Abandon Text!

W. H. Auden once said: "Poems are not finished; they are abandoned." I have been abandoning writing projects for many years, since only the pressure of deadline and high expectations ever got me to finish, or even start, anything of merit. This blog is an attempt to create a more consistent, self-directed writing habit. Hopefully a direction and voice will emerge.

Thursday, May 11, 2006

In the light of Death

Some more of the email conversation re: facing death:

The SKS alumna writes:
I understand the value and importance of service. For me, to serve
another is to serve God. It could be holding a person's hand on his
deathbed, building a house for Habitat, or simply cooking a meal for
another. I agree with George: it's all about intention and focus on
doing good. And I would choose B.
But that's still not what's bugging me.
Maybe Mr.
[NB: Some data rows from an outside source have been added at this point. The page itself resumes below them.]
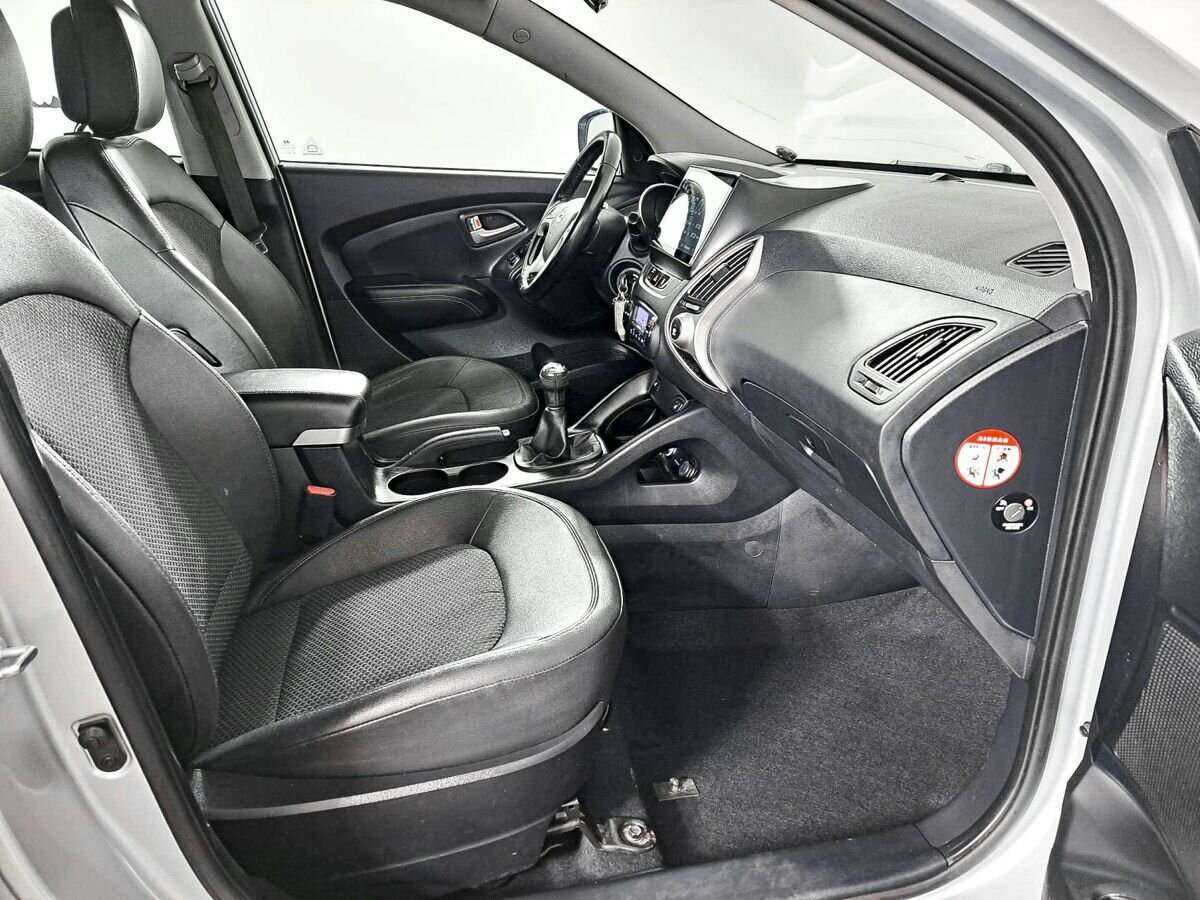 Продажа Б/У Хендай ай-икс35. Фото: #5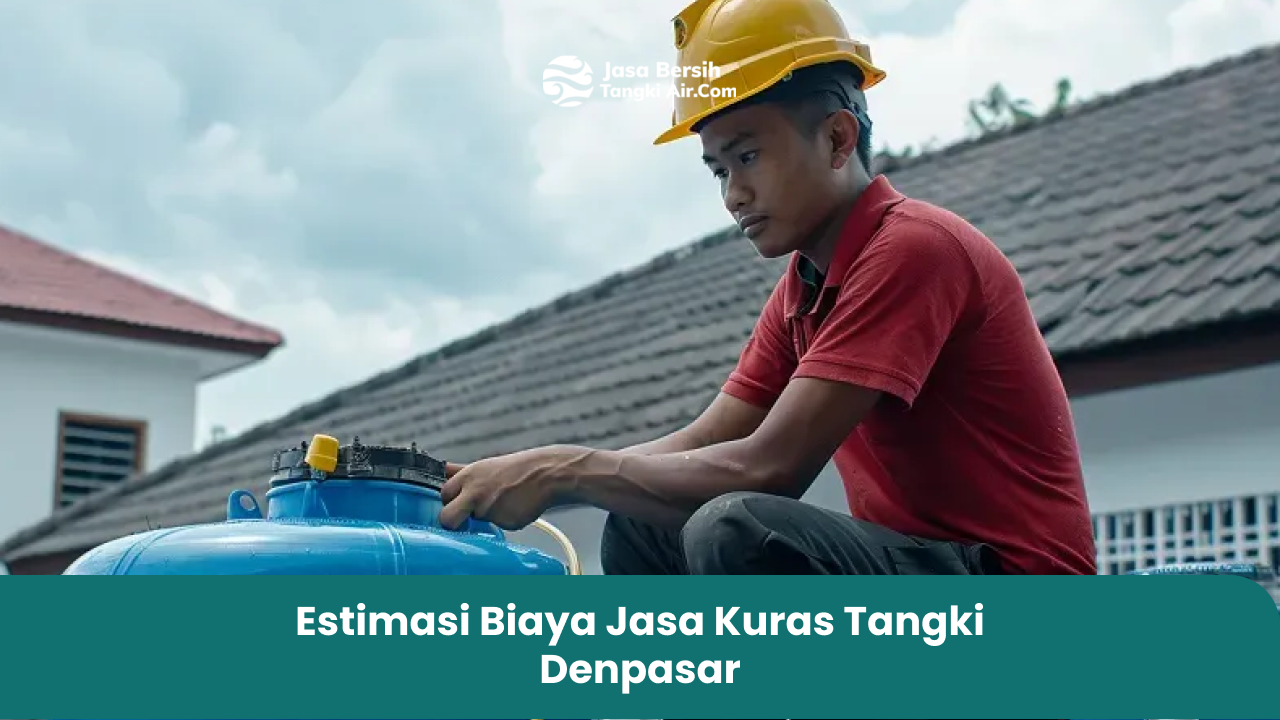 Estimasi Biaya Jasa Kuras Tangki Denpasar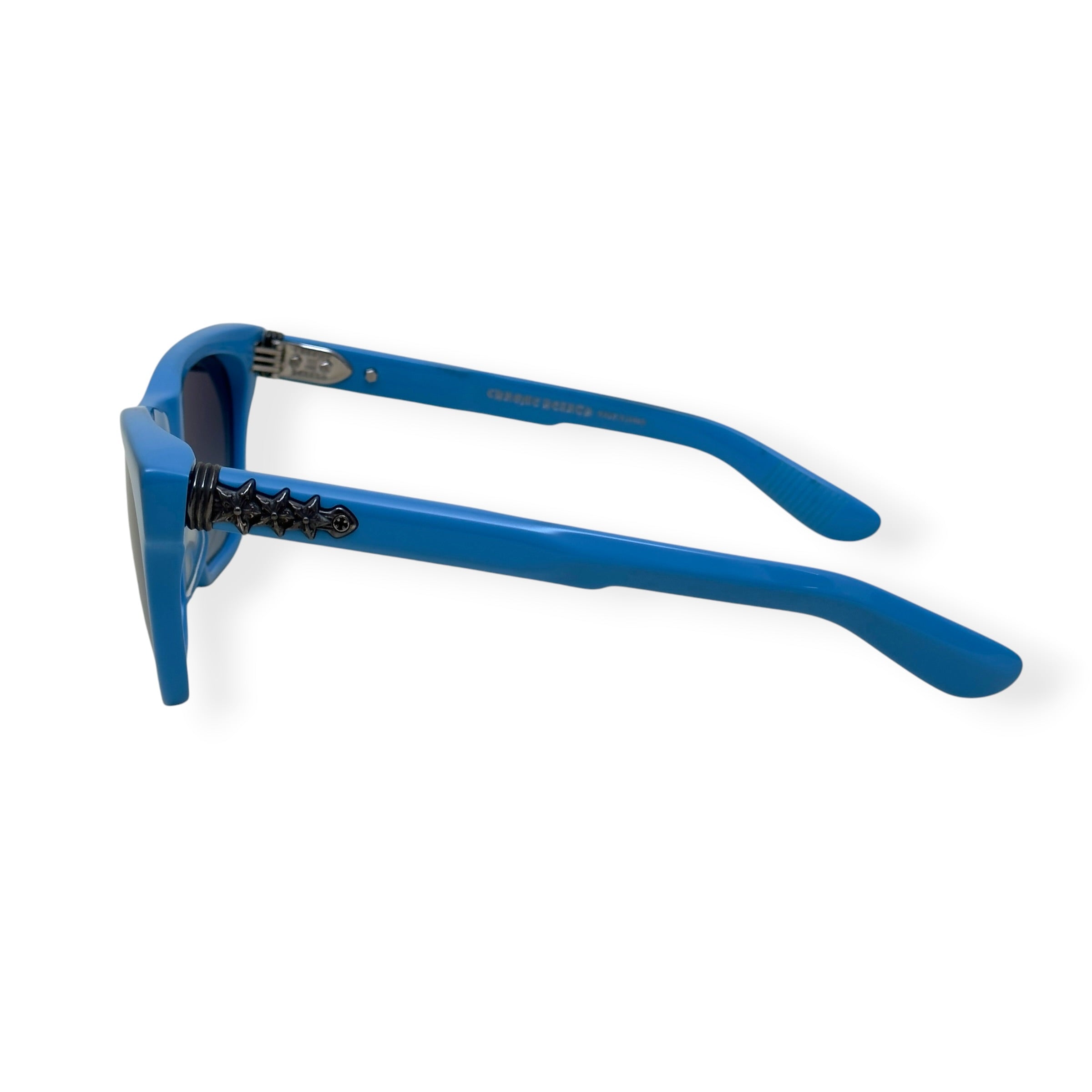CHROME HEARTS CLITTERATI LIMITED EDITION SUNGLASSES BLUE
See would have died at the exact same time even if he hadn't
crawled down the hall toward someone, but the fact that he didn't die
until the housekeeper's arms were around him still strikes up something
I can't communicate. Even if we spend our whole lives serving others,
serving God and claiming to have faith in life after death, will we be
able to die at peace?
I think about my grandfather who was one of the most devoutly Christian
men I've ever known, and, yet, he struggled to stay alive for 3 hours
after they took him off life support. Eyes rolling back in his head,
muscles tense, wheezing, fists clenching. It wasn't until my grandmother
put her hands on his cheeks, touched her nose to his and said "Jim,
we're going to be fine. We're all going to be alright. You can go now.
Go to God." that he calmed down, relaxed his breathing, closed his eyes
and passed within 20 minutes.
Then I think about Treya Wilber in Ken Wilber's Grace and Grit who
died at utter peace, ready to face it, and on whose face a smile crept
after she passed. Of course she struggled through sadness,
frustration, fear, anger, all of it at some point.
Common denominator in all three is that they died with someone next to
them. Mr. See and the housekeeper. My grandfather and his family. Treya
Wilber and her family. What does that mean? Must we spend our last
breaths with someone there, showing us that they care? That our lives
meant something to someone? So we can see our legacy at the moment of
our death? Maybe it's not for the man who's dying, but for those he
leaves behind. We think we need to comfort him.
I am not saying that I don't care about my life meaning something to
someone else. I absolutely do care. That's one of my 'things' approval
and identity determined by outside sources. But if we toil all our lives
to serve and have absolute and honest faith that death is not the end,
why do we need someone there at that very moment? Can we have absolute
certainty about death without going through it?
I feel as though my questions would send me back to remedial
spirituality class (ha!) but this is the first time I truly feel that
I have to know the answers. I've asked them before and claimed that I
wanted to or already knew the answers, but I didn't. I realize that I
have no freakin' idea about any of it.


My response:

Rose wrote a poem, "Truth", which contained the lines:

Ah, Truth is a wonderful thing,
But a longely thing

The poem ends with the lines:

But here it is, night . . .
And Truth is too thin a blanket.

We come to the search for the Truth with all sorts of preconceptions about what the Truth will give us. We think the Truth will bring us happiness...or if not happiness, at least peace. We think that the Truth will innoculate us against suffering. We think that the Truth will protect us from all the human fears that we have about being alone . . . especially in the face of death.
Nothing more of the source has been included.